Source records:
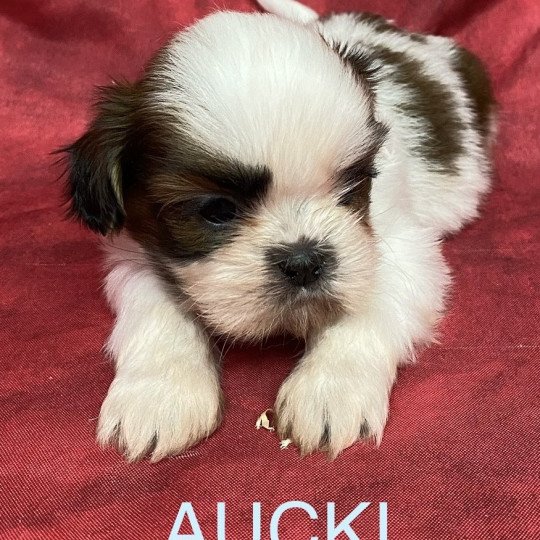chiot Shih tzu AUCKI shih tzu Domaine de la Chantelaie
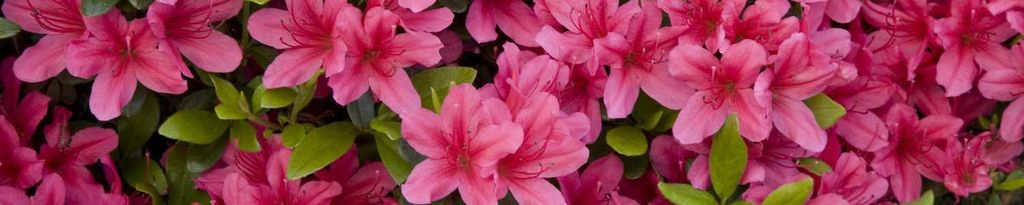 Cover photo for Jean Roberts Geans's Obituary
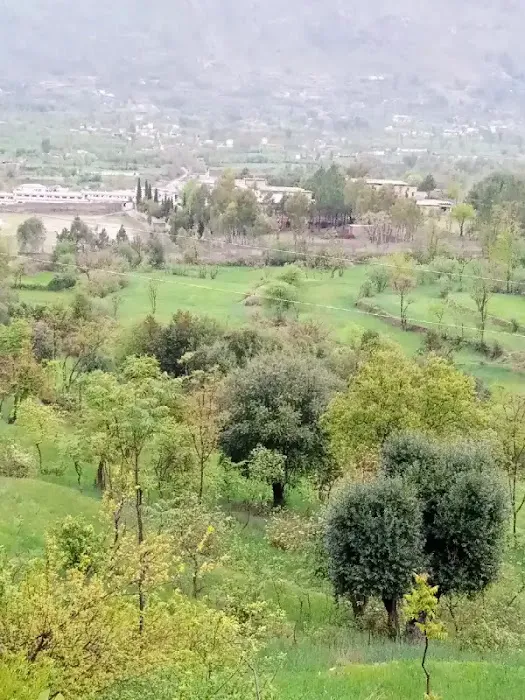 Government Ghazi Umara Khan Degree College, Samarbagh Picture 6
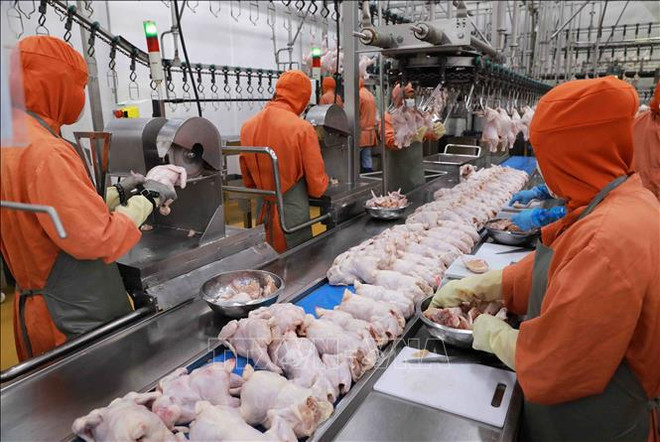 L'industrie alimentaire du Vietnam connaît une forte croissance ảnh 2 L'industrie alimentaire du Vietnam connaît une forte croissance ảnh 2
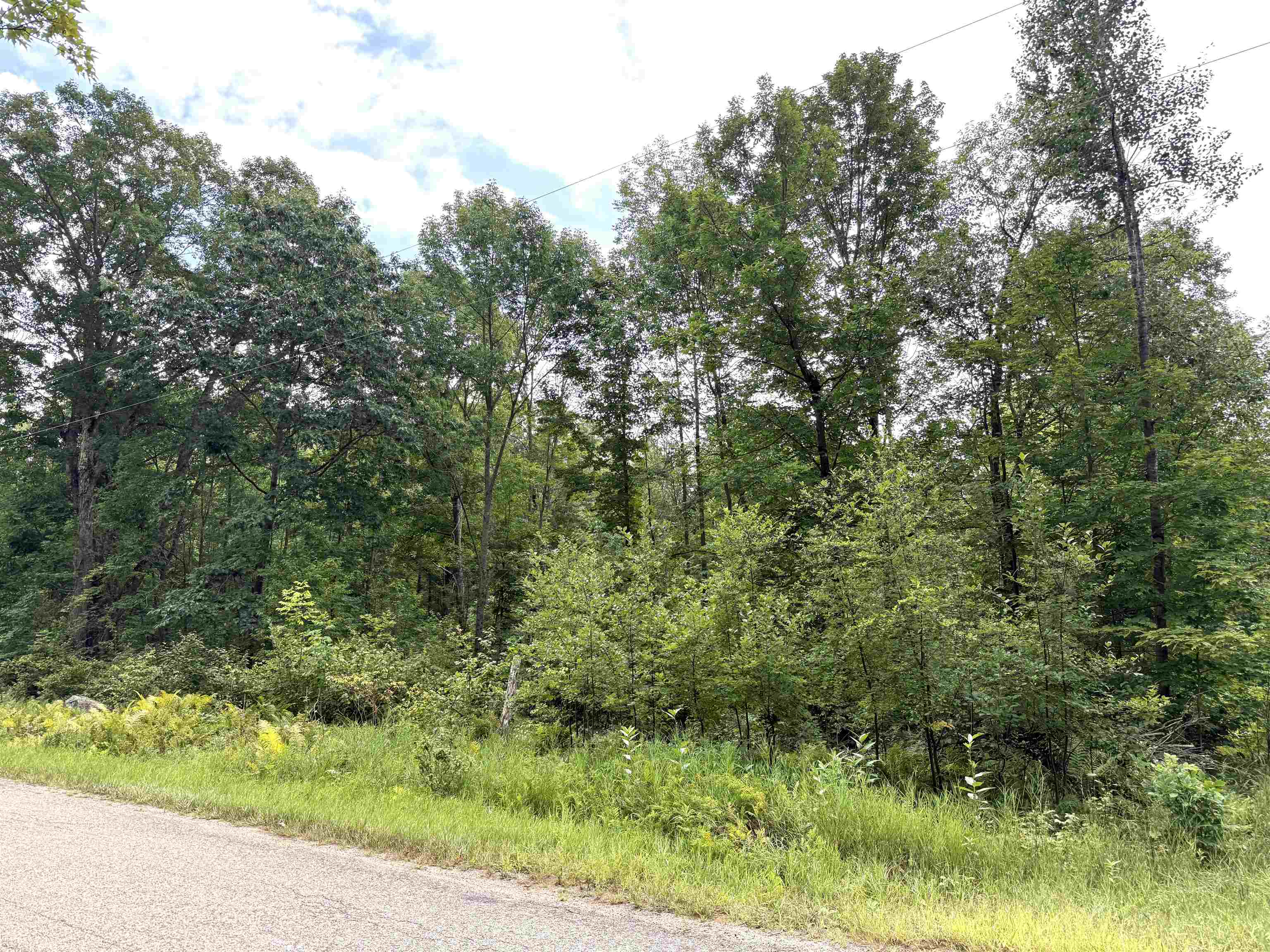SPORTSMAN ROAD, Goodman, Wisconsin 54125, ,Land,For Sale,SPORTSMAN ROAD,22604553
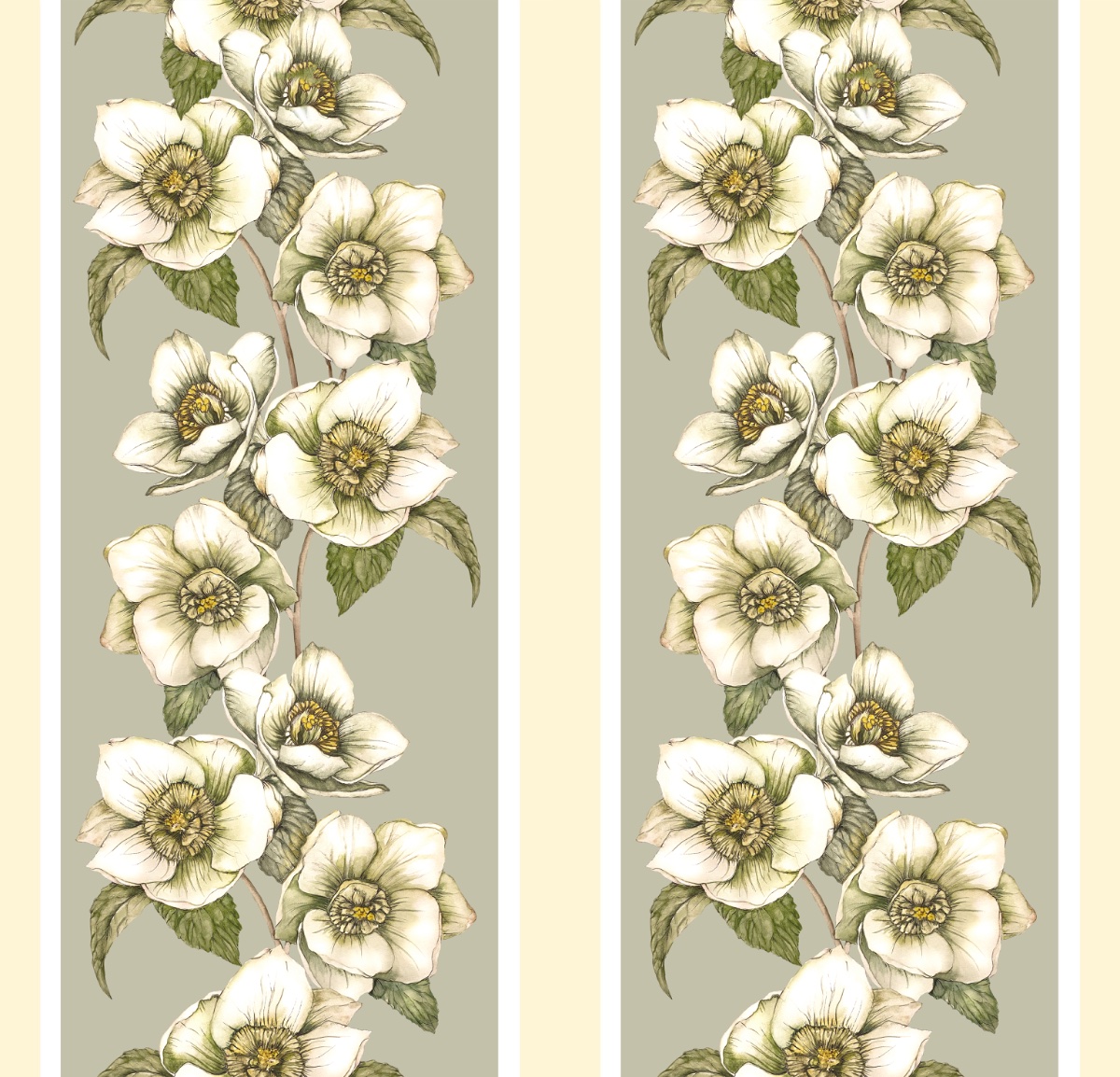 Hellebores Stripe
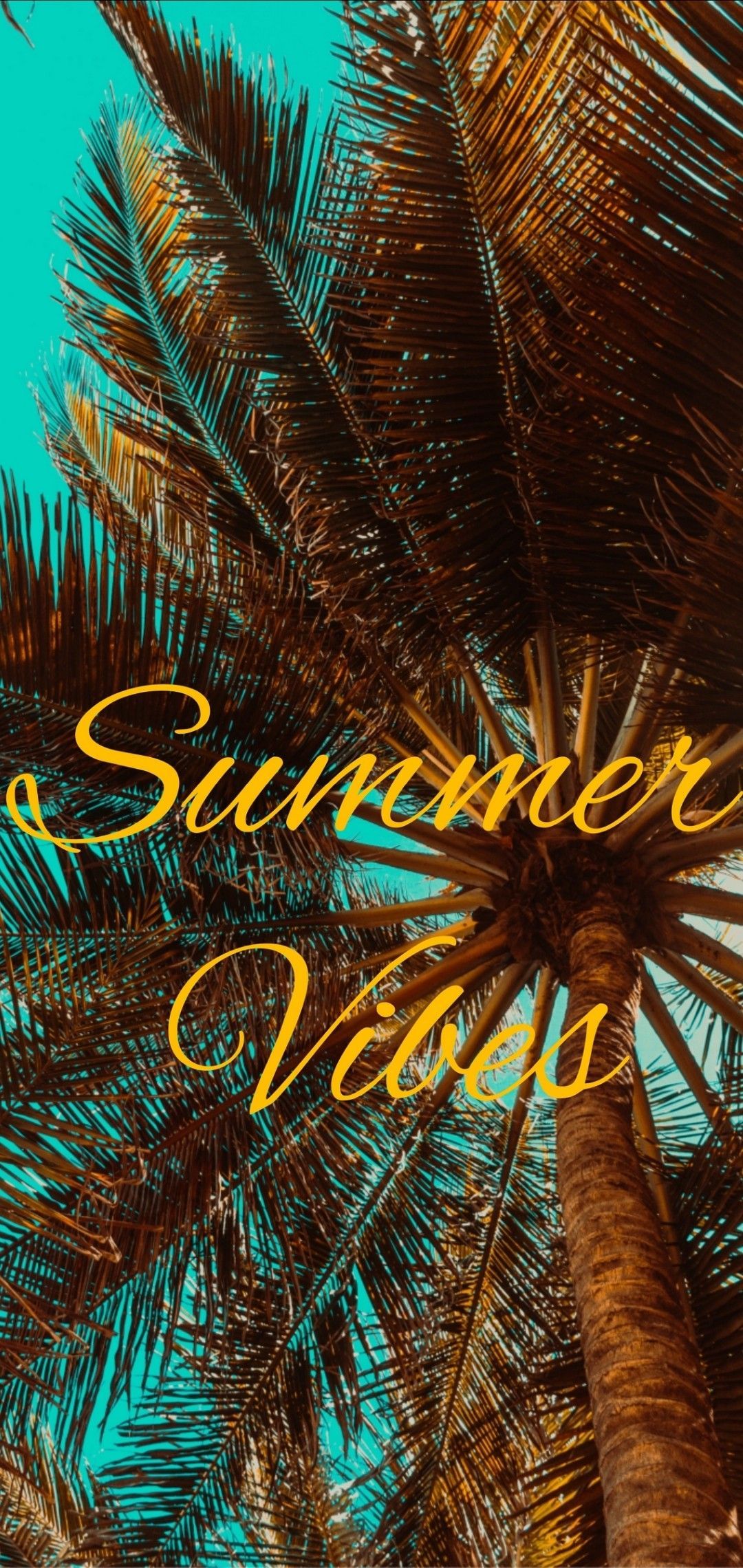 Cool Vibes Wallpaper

**Task brief:**
Each line from the one containing "Government Ghazi Umara" through the end of the records above is to be retyped exactly, with the pictures omitted and nothing added.

**Answer to this task:**
 Government Ghazi Umara Khan Degree College, Samarbagh Picture 6
 L'industrie alimentaire du Vietnam connaît une forte croissance ảnh 2 L'industrie alimentaire du Vietnam connaît une forte croissance ảnh 2
SPORTSMAN ROAD, Goodman, Wisconsin 54125, ,Land,For Sale,SPORTSMAN ROAD,22604553
 Hellebores Stripe
 Cool Vibes Wallpaper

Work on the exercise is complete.